Vangelo: Mc 4,26-34 Clicca per vedere le Letture (Vangelo: )

Visualizza Mc 4,26-34

26Diceva: «Così è il regno di Dio: come un uomo che getta il seme sul terreno; 27dorma o vegli, di notte o di giorno, il seme germoglia e cresce. Come, egli stesso non lo sa. 28Il terreno produce spontaneamente prima lo stelo, poi la spiga, poi il chicco pieno nella spiga; 29e quando il frutto è maturo, subito egli manda la falce, perché è arrivata la mietitura».

30Diceva: «A che cosa possiamo paragonare il regno di Dio o con quale parabola possiamo descriverlo? 31È come un granello di senape che, quando viene seminato sul terreno, è il più piccolo di tutti i semi che sono sul terreno; 32ma, quando viene seminato, cresce e diventa più grande di tutte le piante dell’orto e fa rami così grandi che gli uccelli del cielo possono fare il nido alla sua ombra».

33Con molte parabole dello stesso genere annunciava loro la Parola, come potevano intendere. 34Senza parabole non parlava loro ma, in privato, ai suoi discepoli spiegava ogni cosa.

Una piccola parabola con molti elementi e partecipanti: il seminatore, il chicco di grano, la terra, la falce per la mietitura. Il nostro "non sapere" suggerisce di cercare Colui che ha in mano tutto; noi possiamo solo meravigliarci e applaudire. Quasi l'eco del Salmo dove si dice che il Signore "darà ai suoi amici nel sonno", segno di un abbandono fiducioso alla potenza di Dio.

Commuove la meraviglia del seminatore per il prodigio della fecondità del seme del Vangelo. Il discepolo, anche quando è testimone mille volte del miracolo, ogni volta è sorpreso dalla spiga colma di chicchi, cento e cento volte quel granellino che aveva sepolto nel solco. Non si spiega. Egli stesso non sa come avvenga il prodigio della Parola nel cuore degli uomini. Il seme germoglia e cresce per forza sua anche mentre il discepolo dorme. Anche se la forza è tutta nel Vangelo, ci vuole anche l'umiltà del discepolo.
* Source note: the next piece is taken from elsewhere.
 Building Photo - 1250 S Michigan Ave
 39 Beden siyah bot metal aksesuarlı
La nostra sorpresa va da questa a quella e lega insieme la necessità della testimonianza all'umiltà che l'accompagna.

La domanda di Gesù - "A che cosa possiamo paragonare il Regno di Dio o con quale parabola possiamo descriverlo?" - invita a scegliere, tra le infinite parabole della creazione e della storia, la più adatta ad esprimere il Regno di Dio. Le parabole, allora, sono segni del mistero di Dio. Forse di più: ogni segno della creazione e della storia è parabola, perché porta in sé un frammento di luce del mistero di Dio.

Il granello di senape è parabola perché confronta il più piccolo dei semi con la più grande delle piante. Ci vuole la piccolezza dell'umiltà perché l'amore sia così fecondo da far germogliare e innalzare il grande albero messianico, l'unico che può ospitare tutti i popoli della terra. I grandi alberi sono i grandi regni e i grandi poteri, sotto cui ci si rifugia, ma poiché il Signore sceglie il piccolo seme, ogni potenza del mondo è esposta fatalmente alla fine.
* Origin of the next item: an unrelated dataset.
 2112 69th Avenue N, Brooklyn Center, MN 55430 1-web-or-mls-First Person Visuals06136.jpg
Oltre alla proclamazione pubblica del Vangelo, c'è un ambito più raccolto, "in privato", dedicato ai discepoli riuniti attorno a Lui. Qui Gesù spiega, scioglie, risolve. Esperienza da fare anche oggi, accostando a questa parabola quella del contadino che va piangendo gettando il seme, torna cantando, portando i covoni, di notte o di giorno, senza sapere come e perché. L'essere umili ci ricorda che siamo piccoli dentro una cosa grande.